» **BRIEF**: Every line from the one with "Hearty Oat Flour Cookies" to the end of the listing, and nothing else, is to be printed exactly; please leave the pictures out.

» **INFORMATION SHOWN**:
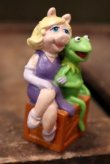 画像2: ct-180901-215 Kermit & Miss Piggy / Applause 1990's PVC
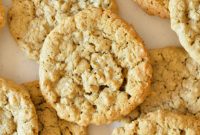 Hearty Oat Flour Cookies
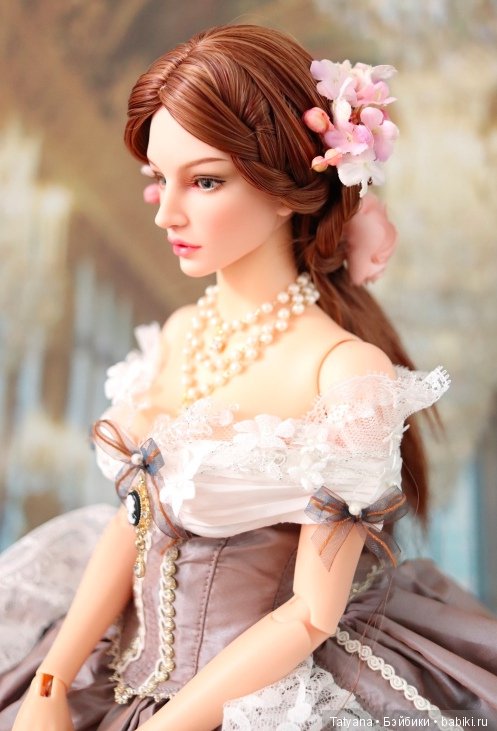 SartoriaJ - MSD YVONNE — Куклы SartoriaJ (Сартория): BJD (БЖД)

» **SOLUTION TO THIS EXERCISE**:
 Hearty Oat Flour Cookies
 SartoriaJ - MSD YVONNE — Куклы SartoriaJ (Сартория): BJD (БЖД)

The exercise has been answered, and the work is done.